In Hartford, Conn., the personnel and student-affairs committee of the school board initially recommended closing all schools for the day.
That idea drew sharp criticism from local Jewish groups, which denounced Mr. Farrakhan and other Nation of Islam leaders for alleged derogatory remarks about Jews, Catholics, whites, women, and homosexuals.
In addition, the Connecticut Civil Liberties Union sent a letter to the school board president, Thelma Dickerson, warning that "the decision to give staff and students the day off to participate in the march without any penalty requires you in the future to give the same benefit to both staff and students for any other First Amendment activity."

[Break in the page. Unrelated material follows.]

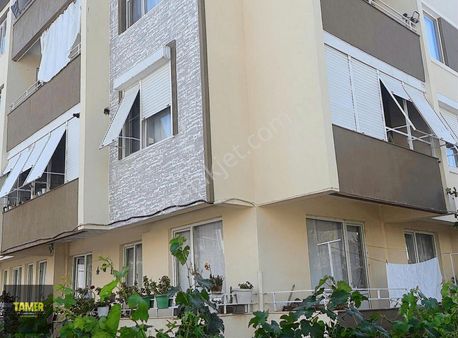 Tamer'den Altınkumda Doğalgazlı Ayrı Mutfaklı Arakat 3+1 Daire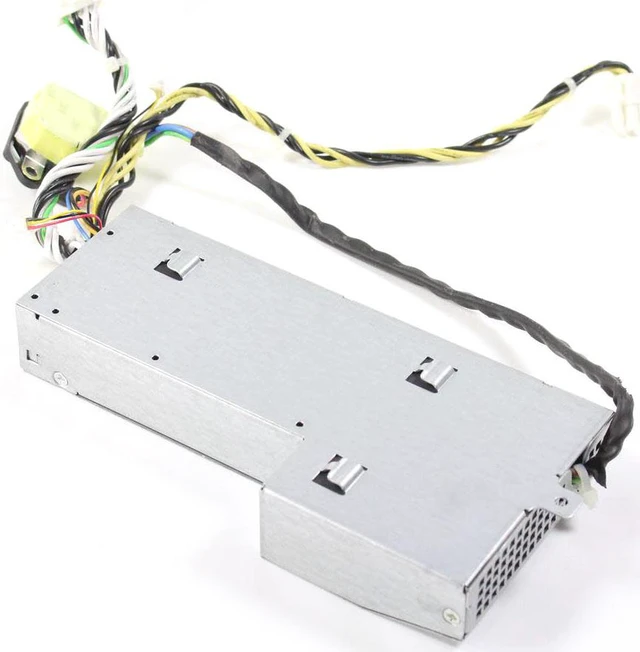 Alt view image 4 of 6 - Dell OptiPlex 9030 Inspiron 5348 AIO 185W Power Supply Unit B185EA-00 N28RM 0N28RM CN-0N28RM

Last week, the Hartford board rejected the committee's recommendation. Instead, board members passed a resolution giving the superintendent the authority to close schools if "an unsafe environment for students is created by high staff absenteeism," or if the lack of teachers drained the budget for substitutes.
"We are not spending our time responding to criticisms by anyone who is against this march," Mr. Foster said. "I don't see a problem with African-Americans trying to do right."
Representatives of school districts allowing attendance at the march said it was difficult to predict how many teachers and students will take the day off.
"I have not heard specifically any numbers," said Beverly P. Lofton, a spokeswoman for the District of Columbia schools. "I know a lot of staff will remain in the schools and use that day as a learning tool. We're hoping that each building will be staffed adequately and will use substitutes if there is a need."